Around us, the soft sounds of waves dashing against a shore rise and ebb like the breaths of a planet. A voice invites us to contemplate a journey to the vast beyond, to build – with our words – a world close to home in spirit but much ahead in time. “What would,” the voice coaxes, “this future world look like?” What would you have this world be? Across the room another voice is quick to describe: “a dome.” From the opposite corner: “a luscious, verdant land.” Somewhere to my right: “a place where animals share the gift of our tongue.” Behind me: “somewhere that love is free, but consent is still needed.” Around us all, the sounds of a collective imagining for things yet to come. There are common themes that run through what each individual conceives of a as a better, softer world, yet there are also unspoken, seemingly vast gulfs that lie in the silence between each consensus.
Time to let go and return, we are told, as we are brought back to the stark reality of our times. We open our eyes and before us is a table of sand from which we are instructed to were supposed to pick out the bits that do not belong: beads of clear plastic, brightly coloured shards that were perhaps once part of someone’s toy, scraps of some kind of textile with faded patterns. We work in silence and before long, we notice that the table bears inscriptions, names, toponyms that speak of not so distant places (we spy ‘Singapore’ amongst many others). On the wall, a video shows a group of young people entangled in a net of debris as they struggle in the surf on the beach.
It is the end, we know, but how did we get here?
There is a certain fatalism embedded within the definition of ‘utopia’ that tends to go unnoticed in contemporary usage. Sir Thomas More, who coined the term way back in 1516, was himself cognisant of the difference in his proposed etymology: οὐ (“not”) and τόπος (“place”), forming Utopia, or Non-Place, as compared to εὖ (“good” or “well”) and τόπος (“place”), which forms Eutopia, or Good-Place, a homophone that has since found greater resonance in current discourse, but fell short of its original intended meaning.
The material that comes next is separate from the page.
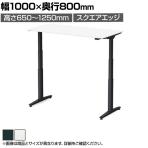 オカムラ スイフトネックス Swift Nex 昇降デスク 平机 スタンダードストローク スクエアエッジ ホワイト天板 3420CF 幅1000×奥行800×高さ650～1250mm 電動昇降デスク スタンディングデスク パソコンデスク テレワーク 昇降テーブル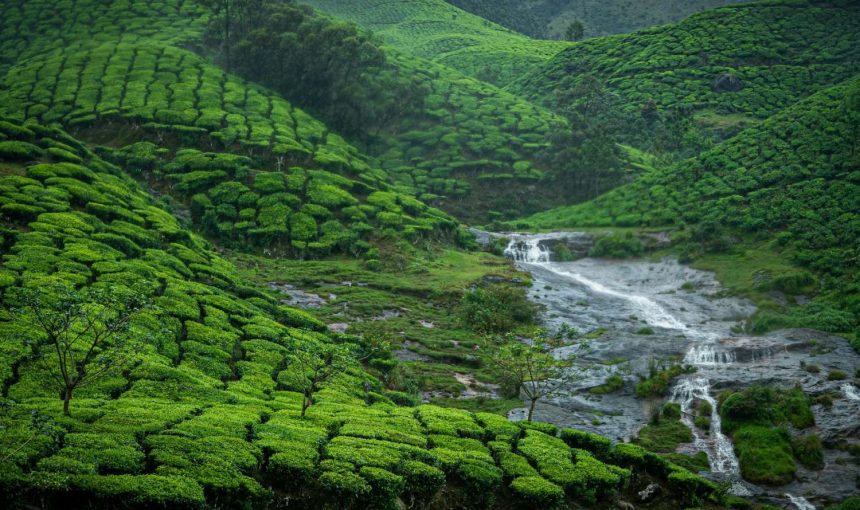 Error: Could not connect to ChatGPT API.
Far from being the aspirational socialist commons that are often visualised, More’s conception of a seemingly ideal society is also one that is by name – impossible, by practice – unfeasible, and by origins – imaginary.
While modern idealistic connotations of a utopian dream have acquired, in recent times, an oily sheen of irony (as imminent climate collapse, a potential third world war, and possible global recession loom in a not so distant future), the unfolding context also prompts an urgency that may prove to be fertile soil for new ways of envisioning a future that allows for the collective survival of humanity. More and more, we witness a renewed vivification of civic awareness, political agency, alternate forms of knowledge that seek to counteract the colossal damages that an unchecked neoliberal world order has wrought.
Given this ugly situation that we find ourselves in, it is important – now more than ever – for those of us who work in the arts and cultural sectors to reconsider the potential for creative expression to facilitate much needed robust public discourse. What are the avenues for mass education, collective reflection, and sustained action that might correct the many complex (and perhaps seemingly minor factors) that have accumulated in record time into something so bleak?
After removing our blindfolds, we sat in a circle to reflect on our experience of collectively building a utopian future world. Many salient points were raised about issues like consent, consensus, and collective decision-making. A poignant meditation that provoked more questions than answers. Even now, months after the workshop, I find myself pondering these questions long after: How do we negotiate dissent within a collective? How might we reconcile essential differences in our definitions and ideals? How do we create a collective process that considers those who cannot or will not speak up? How do we decide on the world we are creating?